Pharmaceutical giant Pfizer said Monday that initial data from its coronavirus vaccine shows it is more than 90% effective — a much better than expected efficacy than had even been hoped for.
Pfizer said that the vaccine, made with German partner BioNTech, had an efficacy rate higher than 90% at seven days after the second dose, which means protection is achieved 28 days after a person begins vaccination. The vaccine requires two doses. The US Food and Drug Administration has said it would expect at least 50% efficacy from any coronavirus vaccine.
The companies looked at the first 94 confirmed cases of Covid-19 among the more than 43,000 volunteers who got either two doses of the vaccine or a placebo. It found that fewer than 10% of infections were in participants who had been given the vaccine. More than 90% of the cases were in people who had been given a placebo.
Pfizer and BioNTech SE are the first drugmakers to show successful data from a large-scale clinical trial of a coronavirus vaccine. The companies said they have so far found no serious safety concerns and expect to seek U.S. emergency use authorization later this month.
If authorized, the number of vaccine doses will initially be limited. Many questions also remain including how long the vaccine will provide protection. However, the news provides hope that other vaccines in development against the novel coronavirus may also prove effective.

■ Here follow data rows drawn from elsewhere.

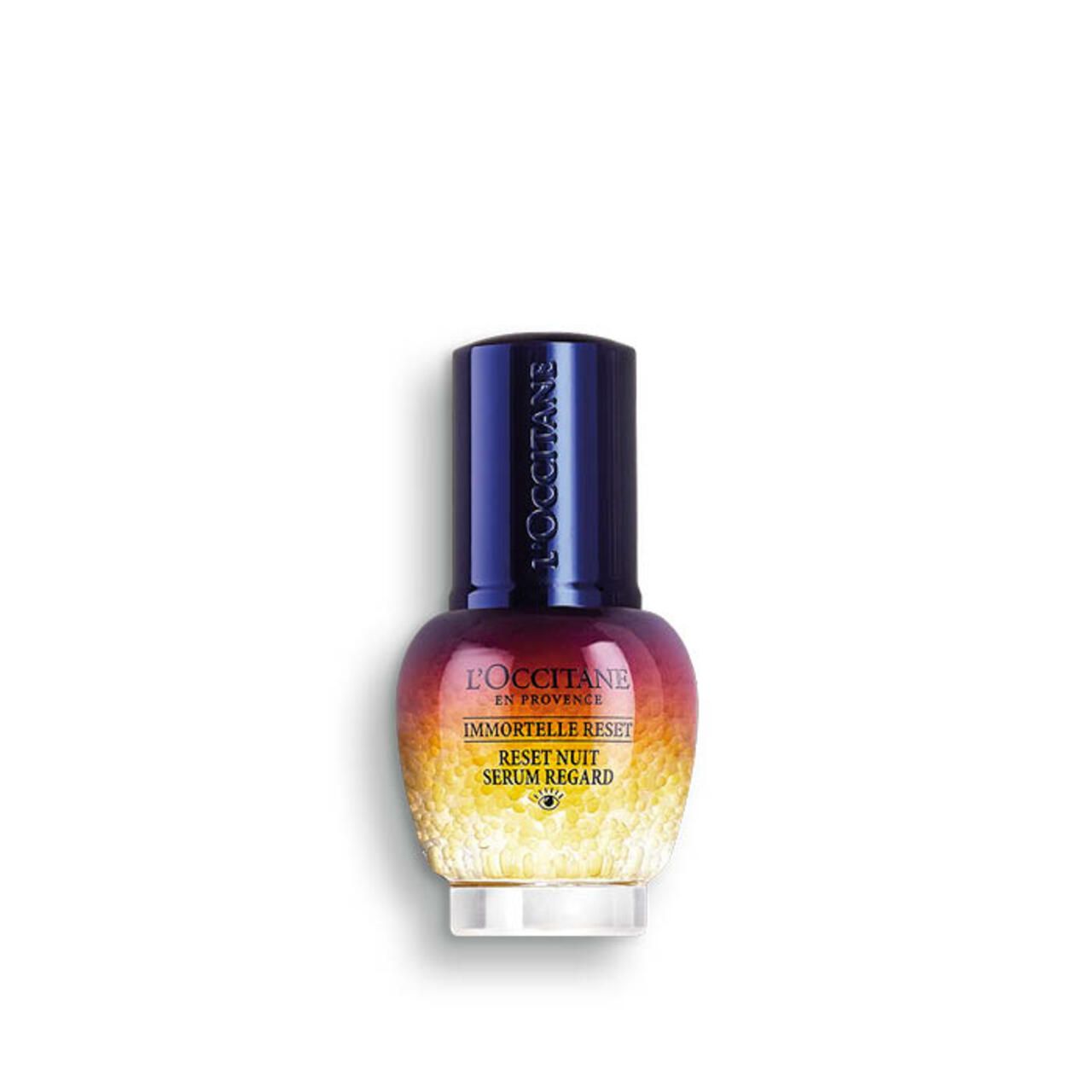 Kleine, runde Flasche mit blauem Deckel. Farbverlauf von Rot nach Gelb. Text: Immortelle Reset Serum Regard.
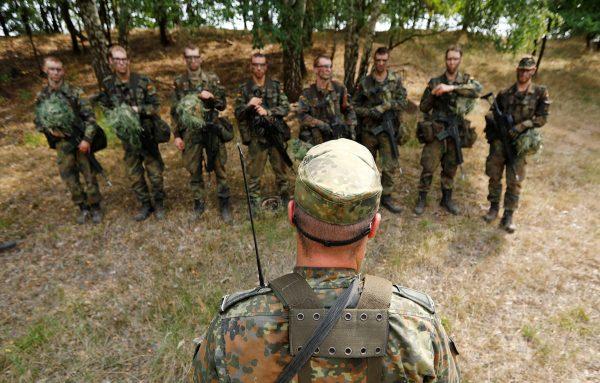 German Bundeswehr recruits receive a debriefing by an instructor during a drill at a military training area in Viereck, Germany, on Aug. 8, 2018. (Reuters/Fabrizio Bensch)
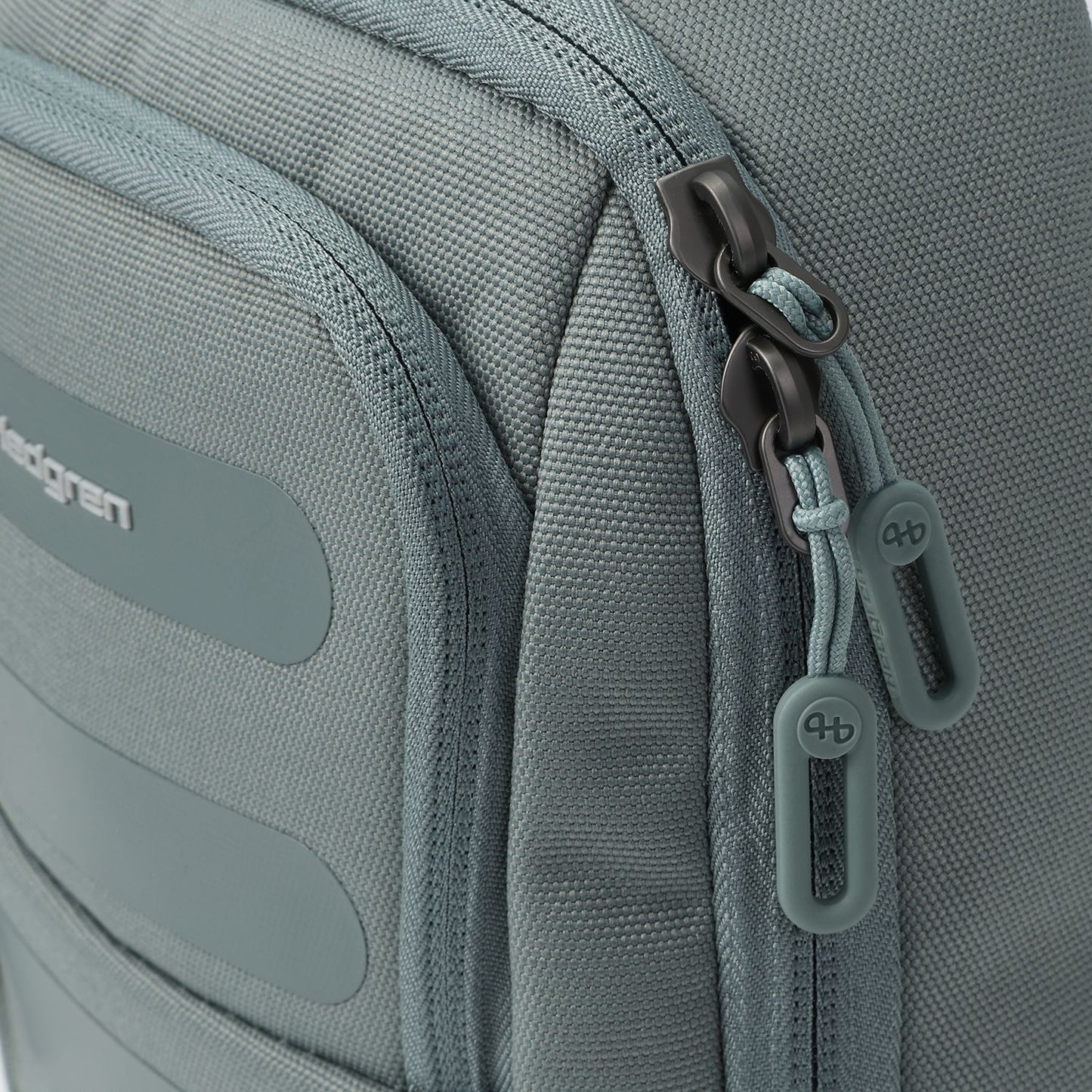 Muted grey sling bag by Hedgren with dark metal zippers, light teal cord loops, and rubber 'hb' logo pulls.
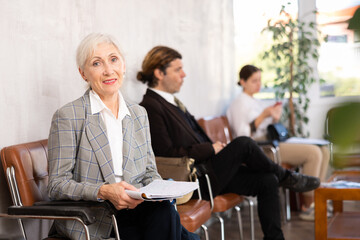 Smiling experienced female entrepreneur sitting in lobby of office with papers in hands, waiting...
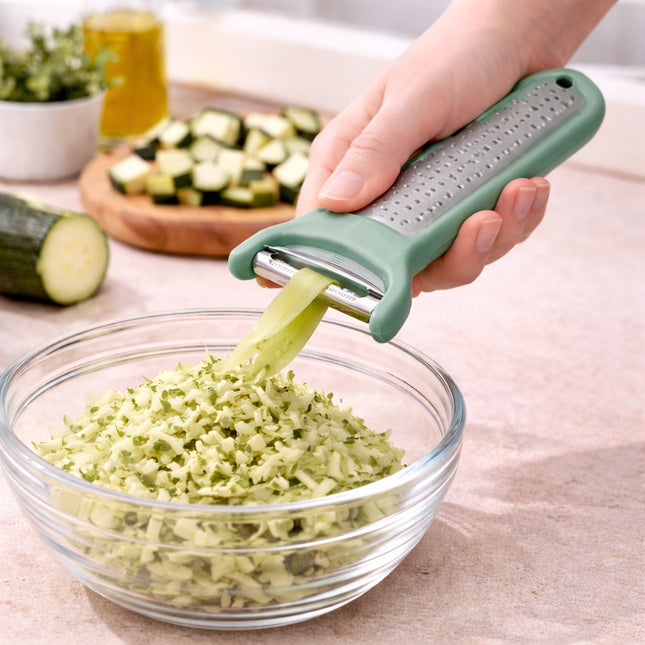 Person using a green vegetable grater to shred zucchini into a glass bowl on a kitchen counter.
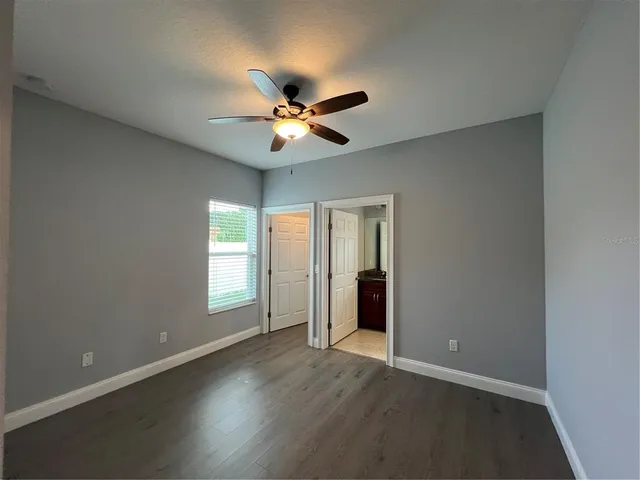 an empty room with closet and windows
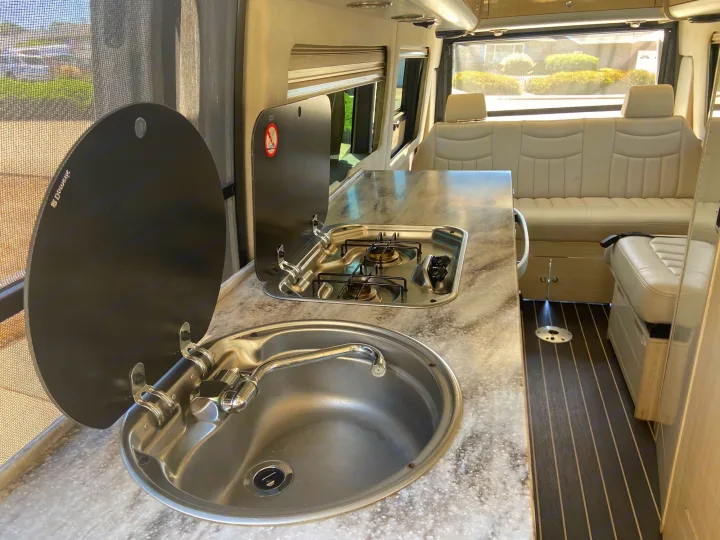 Inside an RV rental: a well-appointed kitchen with sink and two-burner stove, alongside comfortable cream-colored seating.. Airstream Interstate 2015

“Today is a great day for science and humanity,” Albert Bourla, Pfizer’s chairman and chief executive, said in a statement. “We are reaching this critical milestone in our vaccine development program at a time when the world needs it most with infection rates setting new records, hospitals nearing over-capacity and economies struggling to reopen.”
Dr. Anthony Fauci, the nation’s top infectious disease expert, said Pfizer’s findings of a coronavirus vaccine candidate that is more than 90% effective were “extraordinary,” per a report.
“The results are really quite good, I mean extraordinary,” said Fauci, director of the National Institute of Allergy and Infectious Diseases, according to the Washington Post.
Pfizer expects to seek broad U.S. emergency use authorization of the vaccine for people aged 16 to 85. To do so, it will need to have collected two months of safety data on around half of the study’s roughly 44,000 participants, expected in late November.
“I’m near ecstatic,” Bill Gruber, one of Pfizer’s top vaccine scientists, said in an interview. “This is a great day for public health and for the potential to get us all out of the circumstances we’re now in.”
Normally, clinical trials like these are categorized as Phase I to IV trials. They are generally described as follows:
Phase I (small number of participants, normally between 6-10 healthy volunteers, or very sick patients for whom treatment options are lacking)
Phase I studies are designed to allow scientists and medical doctors to understand what effects an investigational compound has in human subjects. The goal is to study what happens to the compound in the body from a safety and tolerability point of view after it is swallowed, injected or infused. .Study participants are monitored for the occurrence and severity of any side effects that they may experience.
Phase II (once the initial safety of the study drug has been confirmed in Phase I trials, Phase II trials are performed on larger groups of patients, generally 20-300 depending on the type of disease)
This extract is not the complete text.